私は小学生の頃からプログラムに参加させていただき、たくさんの学ぶ機会をいただきました。このプログラムで出会う大人の方が、人やモノに対してのソウゾウに真剣にアプローチする姿を見て、大人の仕事って楽しそうだな!と素直に思いました。プログラムでは自分達だけでは実現が難しい貴重な機会をたくさん与えてくださいました。私達のために努力をしてくださった皆さん、本当にありがとうございました。この経験をただの思い出にしないように、この思いを力に変えて前進していきたいと思います!

大野祐介さん

写真:大野祐介さん

5年前、富士高等学校茶道部に所属していた私は、「文化の力」プログラムに参加し、おもてなしや伝統文化を学びました。現在は東北の大学に進学し、被災地に行く機会もありました。文化施設があるのに人がいない様子を目の当たりにし、文化に力はないのではと思うこともありました。一方で10年前の傷痕があっても強く楽しく暮らしている人々に出会い、文化は「人の力」でもあると感じています。
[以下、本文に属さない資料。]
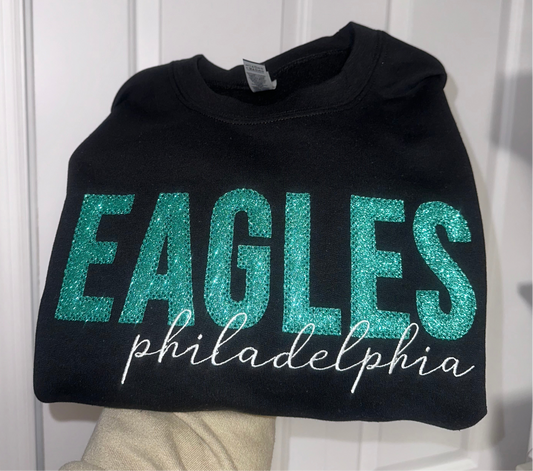Glitter Eagles Embroidered Sweatshirt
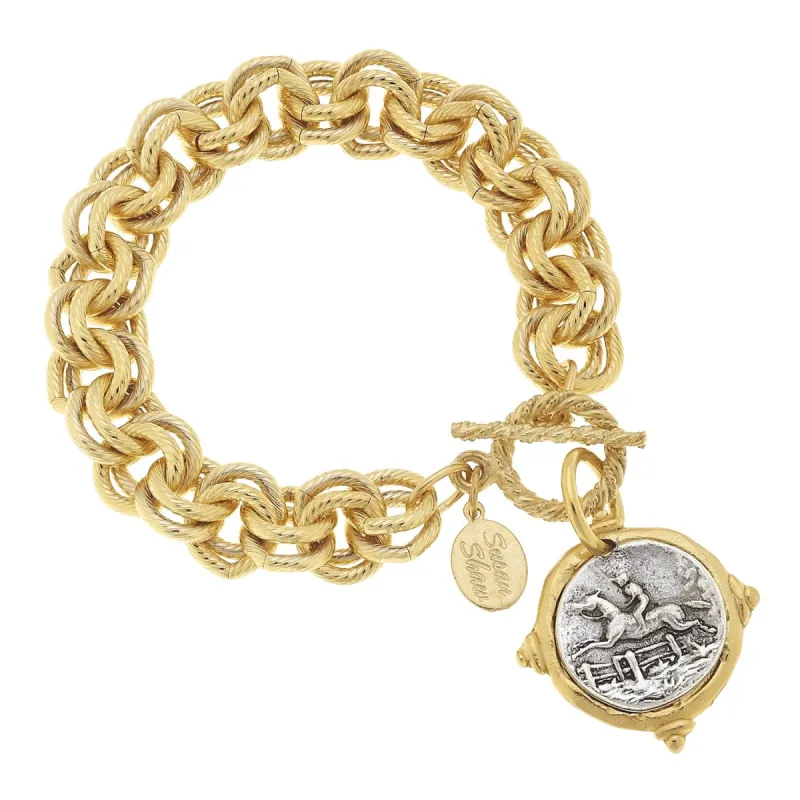 Mixed Metal Equestrian Intaglio Bracelet sold by Susan Shaw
今後も、パナソニックさんのような企業と鋭い感性を持った中高生が色々な意見を交わし、発信する機会があれば、文化が力を持ち続けるのではないかと感じています。

金賀茉美さん

写真:金賀茉美さん

私は未来言語のプログラムに参加しました。オリンピアン、パラリンピアンの皆さんと一緒に、見えない、聞こえない、話せない状態でのコミュニケーション方法を考えました。このプログラムを通じ、相手の立場に立つことや、自分に何ができるかを考えるきっかけになりました。私はダンスを学んでいますが、ダンスも感情を伝えることができる、未来言語の1つだと思います。今後も、このような表現を研究し、発信していきたいです。

藤中希美さん

写真:藤中希美さん

2年前、LGBTQを題材にした映画『カランコエの花』の上映会とワークショップに参加しました。ゲストのリコさんが「LGBTQはラベルのようなもの」と話していたのが印象に残っています。好きな食べ物、趣味と同じように、LGBTQもその人を表すラベルの一つに過ぎません。この言葉に出会い、世界の見方が大きく変わりました。今、大学に進学し、様々な人が集まる場所に身を置いています。これからも人と違うことは当たり前という考えを軸に、人と関わっていきたいと思います。

中田瑞歩さん

写真:中田瑞歩さん

私は「東京2020と食」というプログラムに参加し、ベジタリアン、ビーガンについて学びました。世界中から多様な食習慣の方が集まるオリンピックで、私達はどのようにおもてなしすべきか、参加者達と考えを深めました。このプログラムを通じ、日本は他の国々と比べてベジタリアンやビーガンの対応している店が少ないことも知りました。今後も、食の多様性を考え、十人十色である多様な食を理解し、認め合い、自分らしい食のあり方について考えていきたいと思います。